Monday, February 17, 2014

"Where's the Chocolate?"


“I’m sorry. The brain you are trying to reach has been temporarily disconnected. Please try again later, after its owner has consumed vast quantities of peanut butter and chocolate.”

This is how I feel after a school day filled, not with real teaching, but with IEP meetings, staff meetings, grade level PLC meetings, and/or most district-level in-service training meetings. Numb. Zoned out. Mentally disconnected. Certainly not rejuvenated, empowered, or engaged, ready to go back to my classroom with renewed enthusiasm and energy.



It wasn’t always this way. When I first entered the teaching profession, almost 16 years ago now, I LOVED any kind of training meeting. I always came back from them with new things I’d learned and that I could use immediately in my classroom. It was exciting to share a classroom with other teachers from all over the district, share our successes and our failures, make new friends, and continue to share with one another years after the training day.



It started every September with the new training day classes booklet. Inside were lists of classes for each range of grade levels, where the classes would be held (never in the district office, BTW, almost always in the classroom of the teacher conducting the training), the times/dates for the training classes, and the number of teachers allowed in each session.

We were allowed to sign up for a total of five classes each year (although we wanted more), and we could wait as long as the week before a training class in order to sign up, if we wanted. However, we knew better than to wait. The best classes filled up fast, so we signed up as fast as we could.

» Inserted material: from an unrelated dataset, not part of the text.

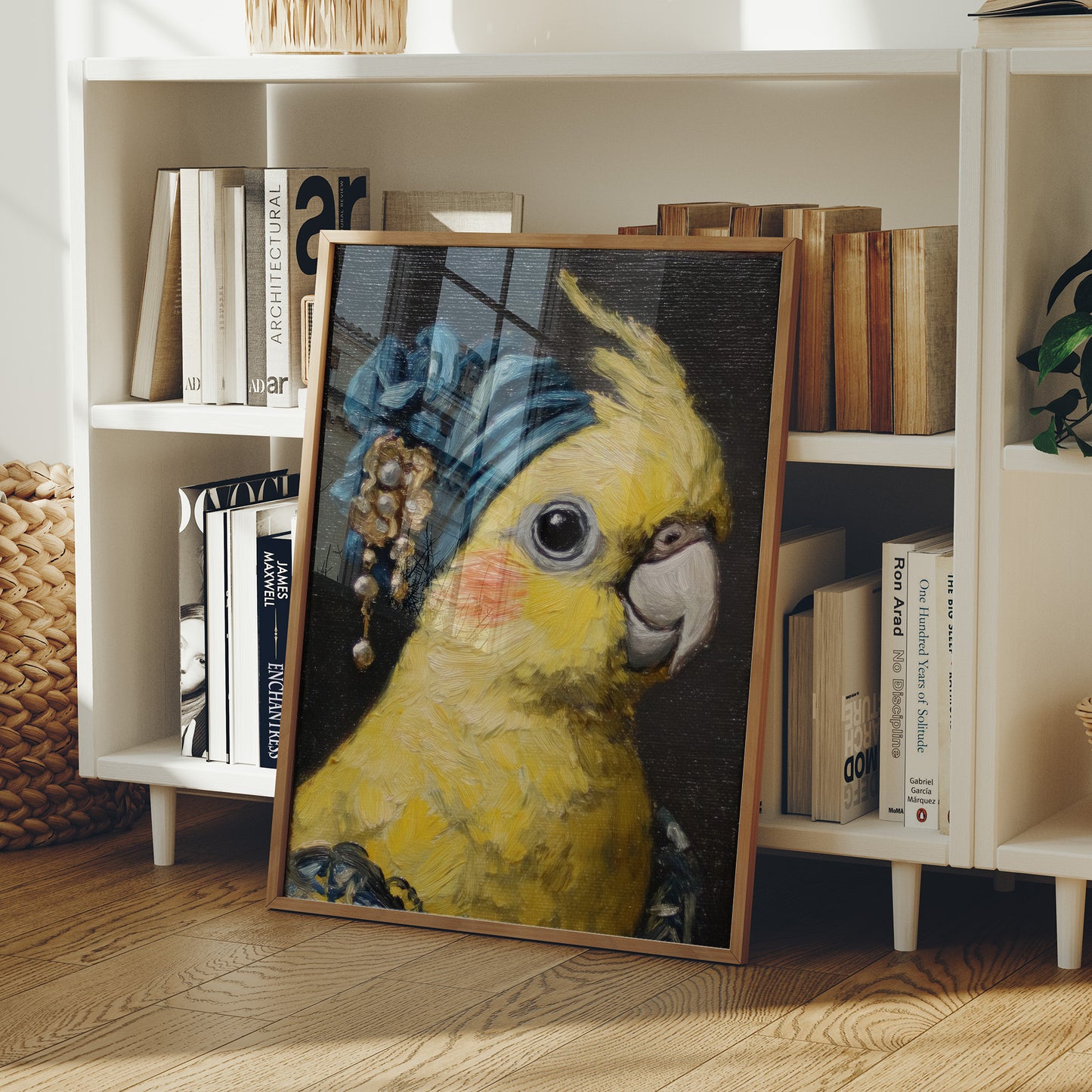 Royal Plumage: Cockatiel in Sapphire Turban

We’d meet with our teacher friends during lunch in the staff room (yes, we actually sat down and ate lunch daily) to discuss the classes we wanted to take, and we’d all call in our choices by the end of the week.

On training day, we’d carpool from our school, then sit together in the training class, not to waste time with idle chatter, but to talk about how we would use the strategies or supplies in our own classroom when we returned. If there wasn’t enough room in our class for everyone we knew who wanted to attend, we’d take notes, or make extra copies, to share with other teachers back “home.” We didn’t compare test scores, or try to pinpoint who was the best teacher. We just shared, and helped each other.

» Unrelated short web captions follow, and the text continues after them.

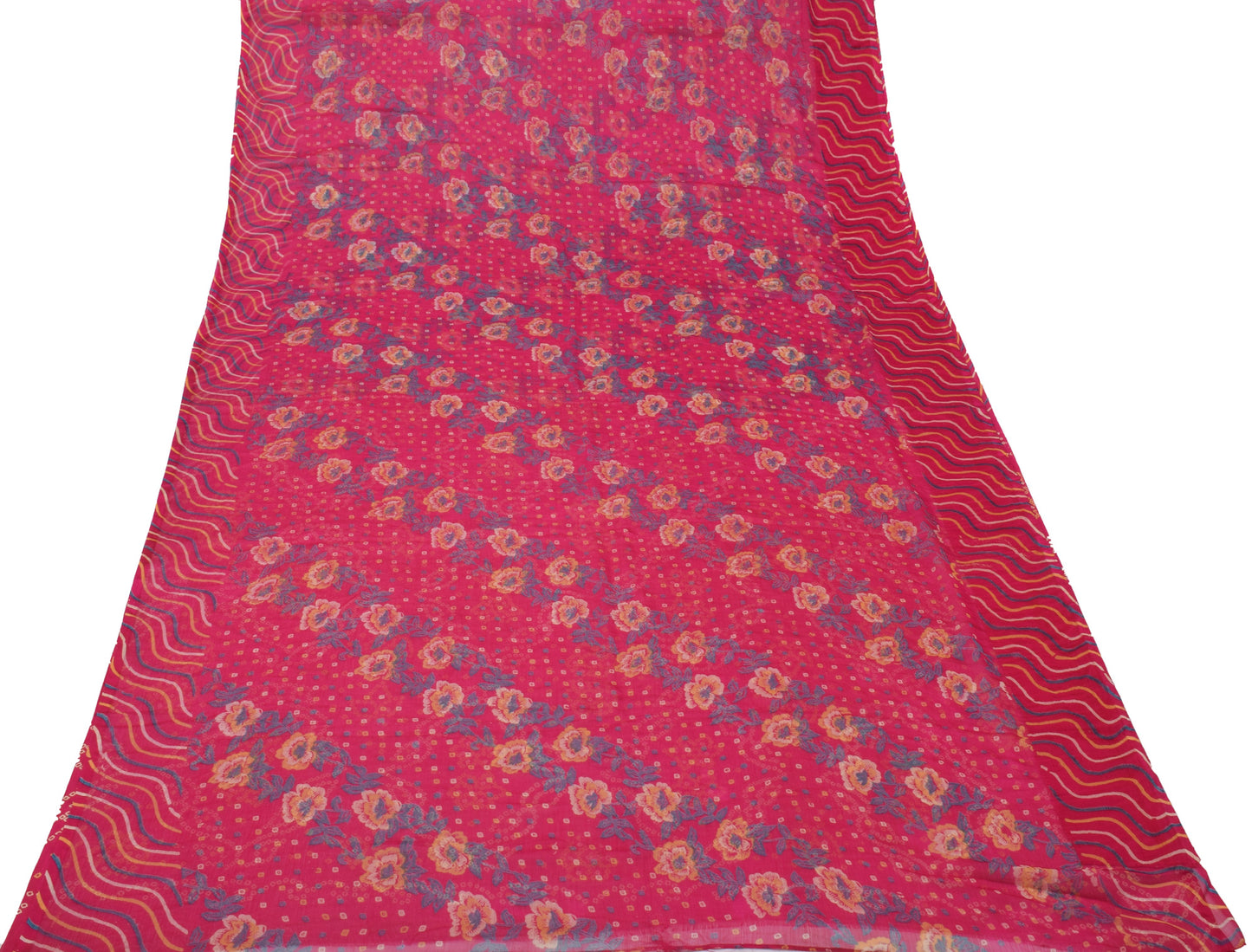 Sushila Vintage Magenta Saree Blend Chiffon Silk Bandhani Printed Craft Fabric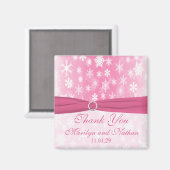 Roze en witte sneeuwvlokken magneet (Voorkant / Achterkant)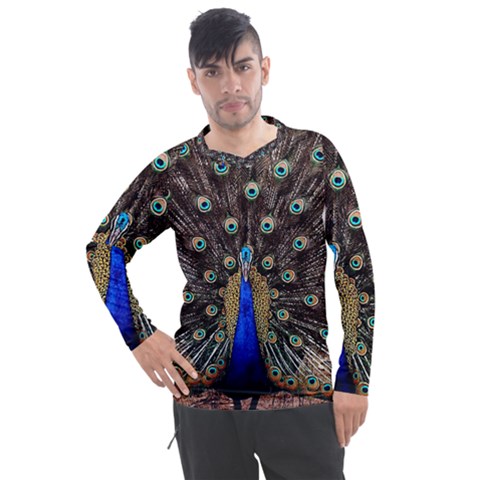 Peacock Men s Pique Long Sleeve T-shirt by Ket1n9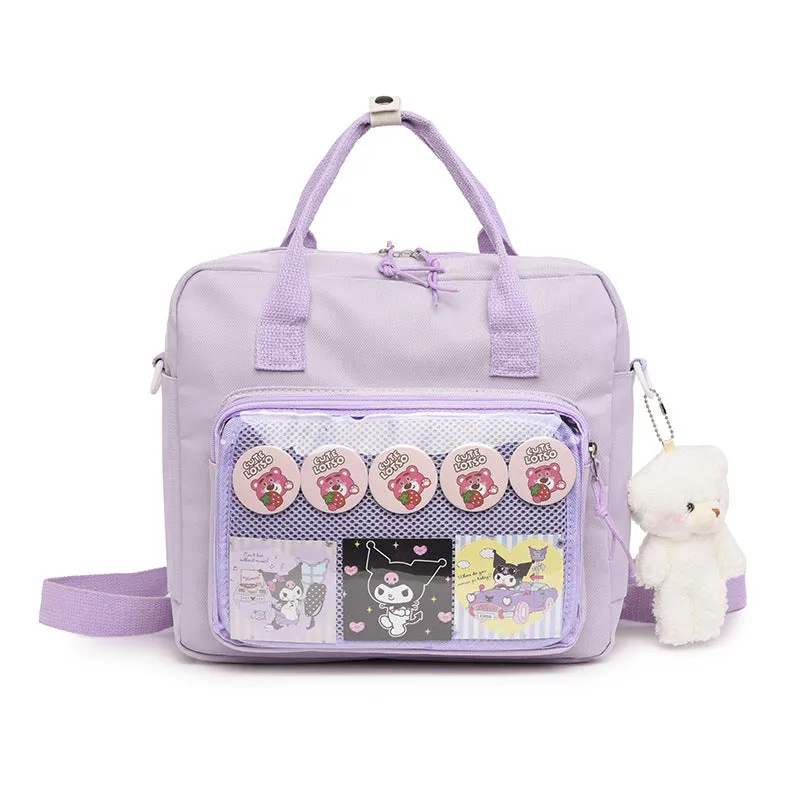 Women's Everyday Joker Transparent Cartoon Doll Canvas Bags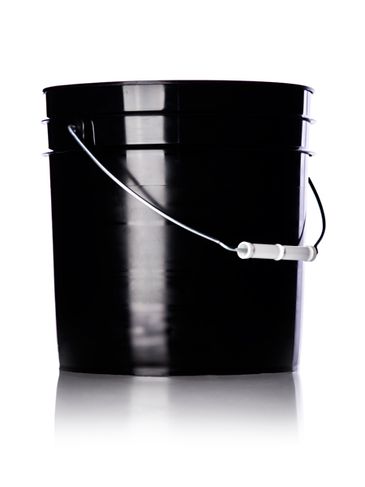 2 gallon black HDPE plastic pail of 70 mil thickness with handle
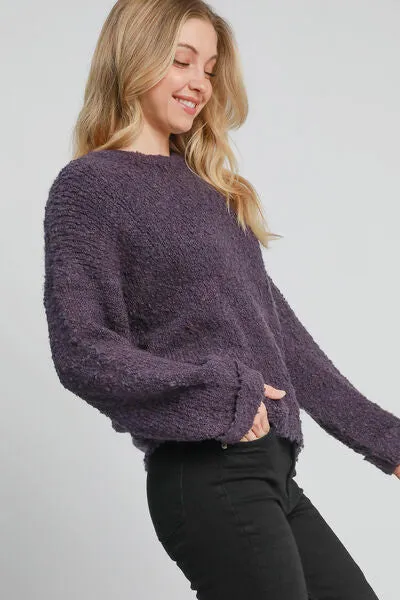 Hazel Blues® | Umgee Round Neck Long Sleeve Boucle Sweater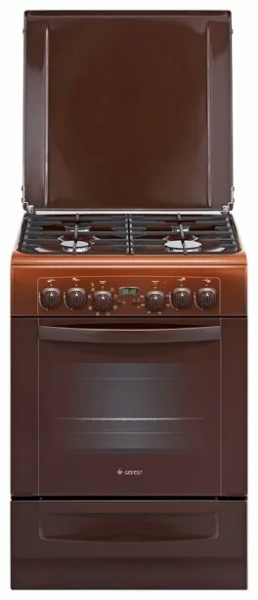 Кухонная плита GEFEST 6102-03 0001, эмалированная, электроподжиг, газ-контроль горелок стола, 4 газовые конфорки, электрическая духовка, 55 л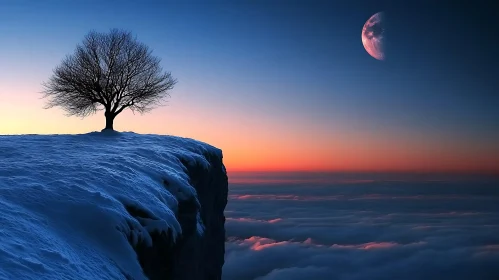 Snowy Cliff with Tree and Moon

Principals did not show up at these trainings to check on us. There was a sign-in sheet, and we were trusted to take a reasonable lunch, as well as breaks when we needed them. There were bowls of chocolate on the tables, and we shared handfuls with each other, grinning about the mood-lifting properties of chocolate which were extolled by researchers. We were sharing not just the chocolate, but also a love of teaching and learning, a love of sharing our enthusiasm with each other, a love of the difference we were making in the lives of our children.



We didn’t need to be policed because we WANTED to be there. We talked. We laughed. We LEARNED: from the classroom teacher,  from the trainers, and from each other. When we returned to school we were enthusiastic about what we learned, eager to share new lessons and new materials with our students. Years later, we still shared new learning materials we had stumbled upon, or which had been shared with us by a colleague. We sent them by district “pony mail” to other schools where other training day friends worked, because that’s what they were to us: Friends. Colleagues. Teachers. Never competitors.

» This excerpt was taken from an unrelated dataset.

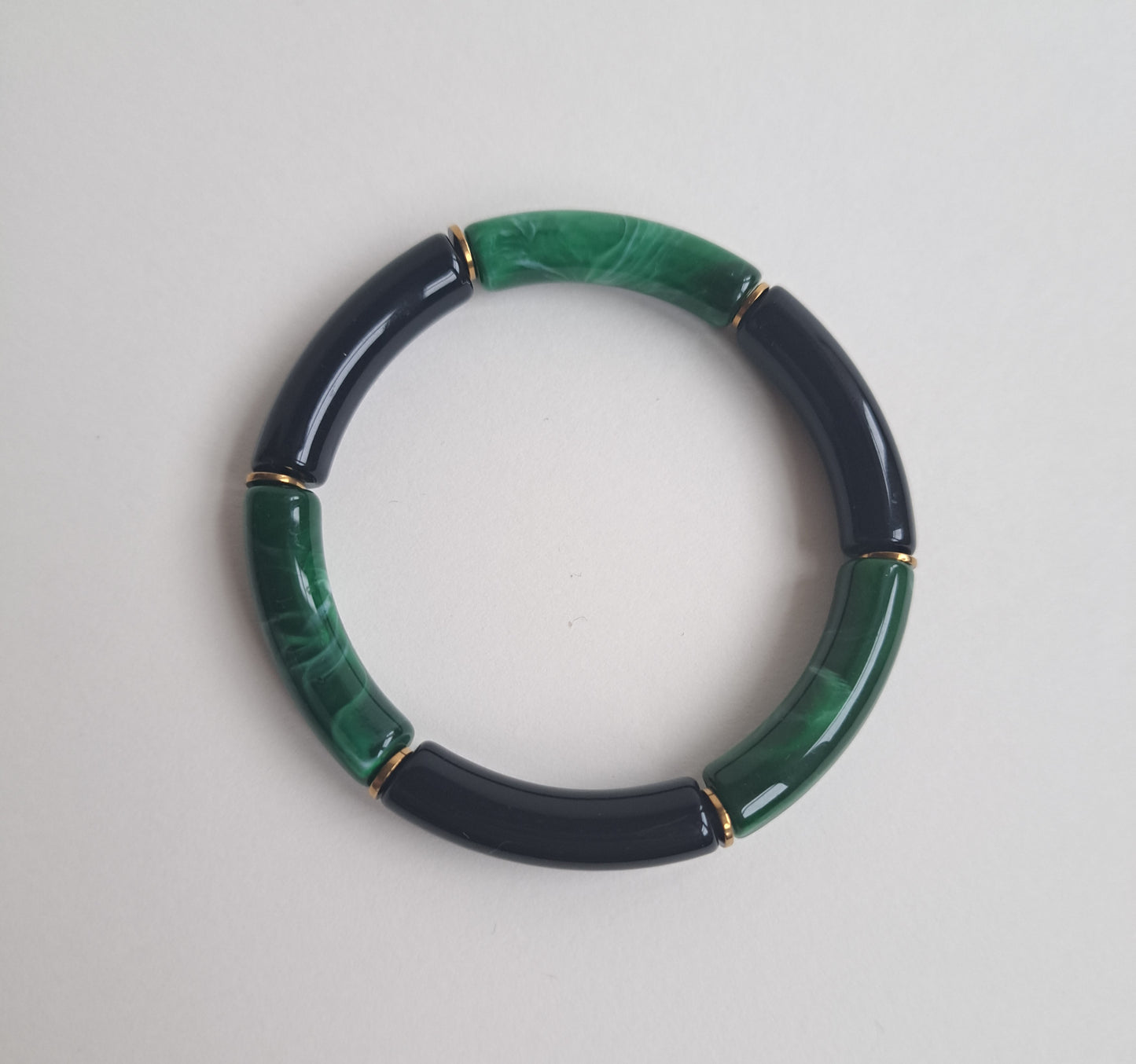 Lot de 3 bracelets noir, vert et doré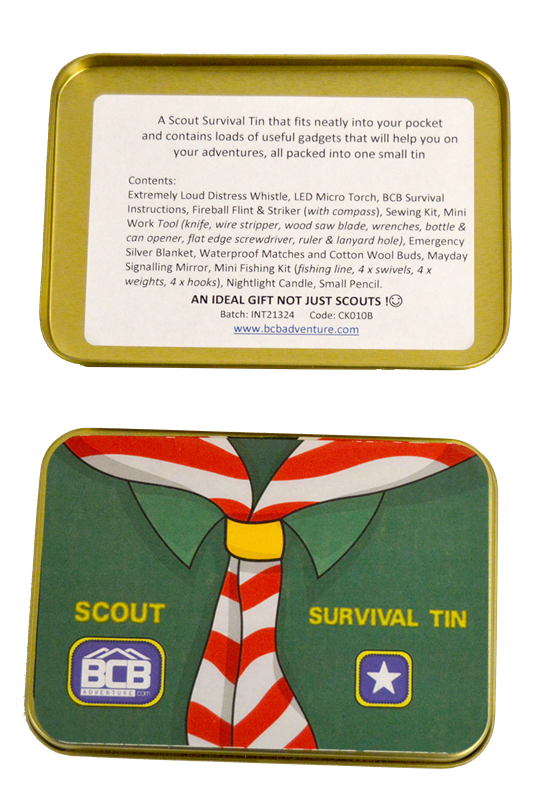 BCB  Adventure Survival Kit Tin Scout Outdoor Scouts Camping Hiking Bushcraft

Unfortunately, this is not the way we are trained today. I can’t remember the last training day where we were allowed to choose what interested us, where we learned from Master Teachers, shared ideas with other teachers, or came home excited to share what we learned with our students. Today’s trainings usually involve district bureaucrats, corporate trainers, and principals acting as police officers to ensure our compliance. 



When asking fellow teachers what they thought of the training there is usually much eye rolling, groaning, and exasperation. Today there is definitely no sharing, no enthusiasm, and definitely no eagerness to apply what has been learned.

Today I ask, “Where’s the chocolate?”